SoundnessBench: 당신의 AI 과학자가 정말 좋은 연구 아이디어와 나쁜 아이디어를 구별할 수 있을까?

초록

자율적 AI 연구 에이전트는 가설 생성부터 동료 검토에 이르는 연구 파이프라인을 자동화하여 과학적 발견을 가속화하는 것을 목표로 한다. 그러나 기존 벤치마크는 시간과 계산 자원을 소비하기 전에 대규모 언어 모델이 연구 아이디어의 방법론적 실행 가능성을 판단할 수 있는지 여부라는 근본적인 병목 현상을 거의 테스트하지 않는다. 본 연구에서는 ICLR 제출 논문에서 재구성된 1,099개의 머신러닝 연구 제안서로 구성된 큐레이션 벤치마크인 SoundnessBench를 소개한다. 이는 검토자의 건전성 하위 점수로 레이블링되었으며 원본 논문에 대해 감사를 수행하였다. SoundnessBench는 전체 논문 검토 결과의 정확한 예측이 아닌, 제안 단계에서의 회복 가능한 건전성을 평가하기 위한 벤치마크로 해석되어야 한다. 12개의 최첨단 LLM을 대상으로 한 실험에서 보편적인 낙관 편향이 관찰되었다. 즉, 표준 프롬프팅 하에서 모델은 낮은 건전성의 제안을 건전하다고 평가하는 경우가 빈번했으며, 공격적인 프롬프팅은 주로 오류를 거짓 양성에서 거짓 음성으로 이동시켰다. 공개 코퍼스 오염, 논문 식별 구문, 표면적 특징 및 인간 감사 품질에 대한 추가 통제는 이러한 행동이 단일 혼란 변수로 설명되지 않음을 시사한다. 본 결과는 현재 LLM이 과학적 엄격성을 위한 독립적인 1차 게이트 평가자로서 아직 신뢰할 수 없음을 나타낸다.

English

Autonomous AI research agents aim to accelerate scientific discovery by automating the research pipeline, from hypothesis generation to peer review. However, existing benchmarks rarely test a fundamental bottleneck: whether Large Language Models can judge the methodological viability of a research idea before expending time and computational resources. We introduce SoundnessBench, a curated benchmark of 1,099 machine-learning research proposals reconstructed from ICLR submissions, labeled with reviewer soundness sub-scores, and audited against source papers. SoundnessBench should be interpreted as a benchmark for recoverable proposal-stage soundness rather than exact prediction of full-paper review outcomes.
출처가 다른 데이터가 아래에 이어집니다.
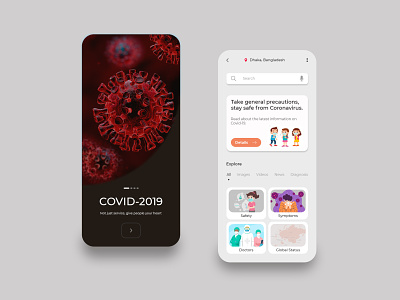 COVID 19 iOS App app best branding corona coronarender coronavirus covid covid-19 covid19 design dribbble health healthcare healthy render renderer shot ui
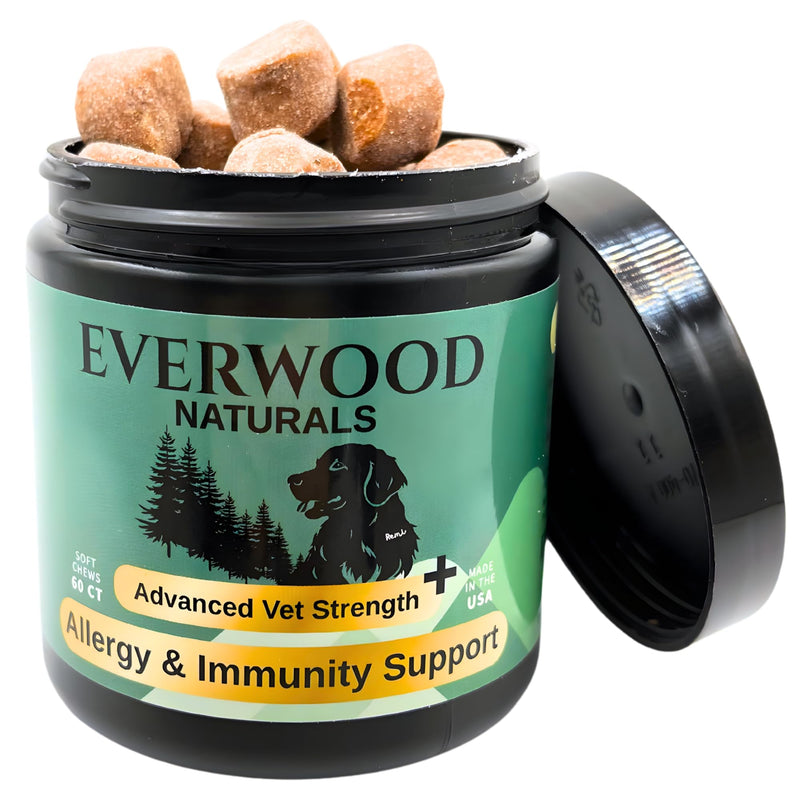 Premium Allergy & Immunity Support Soft Chews for Dogs – Colostrum, Plasma Proteins, Yeast & Vitamins C & E – Dog Immunity & Allergy Supplement – 60 Soft Chews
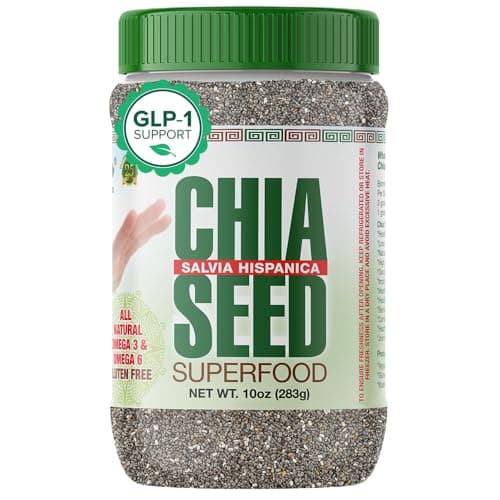 Sanar Naturals Chia Seeds, 10 oz | High Fiber, Omega 3, Plant Based Protein, Raw Black Chia Seeds, Vegan, Non GMO, Gluten Free, Superfood for Smoothies, Oatmeal, Baking, GLP-1 Support
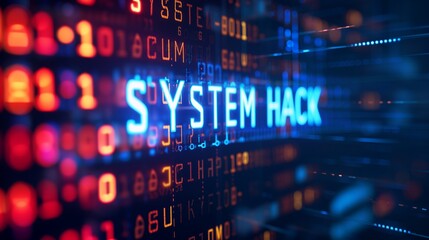 Wall Mural - technology computer network cyber crime security hacker virus programming abstract binary codes and 
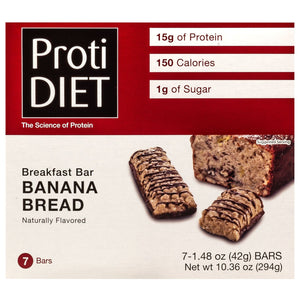 ProtiDiet Protein Bars - Banana Bread, 7 Bars/Box - Protein Bars - Nashua Nutrition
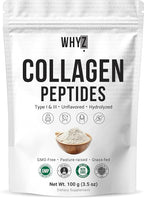 Bovine Collagen Peptides Powder Hydrolyzed Type I & III Protein, Grass-Fed Pasture-Raised Source, Unflavored Collagen Supplement Paleo-Friendly for Active Lifestyles & Wellness Non-GMO, 100g (3.5 oz)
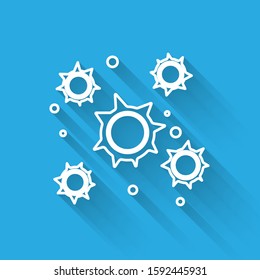 White line Bacteria icon isolated with long shadow. Bacteria and germs, microorganism disease causing, cell cancer, microbe, virus, fungi.  Vector Illustration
Across 12 frontier LLMs, we find a pervasive optimism bias: under standard prompting, models frequently rate low-soundness proposals as sound, while aggressive prompting largely shifts errors from false positives to false negatives. Additional controls for public-corpus contamination, paper-identifying phrases, surface features, and human audit quality suggest that this behavior is not explained by a single confounder. Our results indicate that current LLMs are not yet reliable as standalone first-gate evaluators for scientific rigor.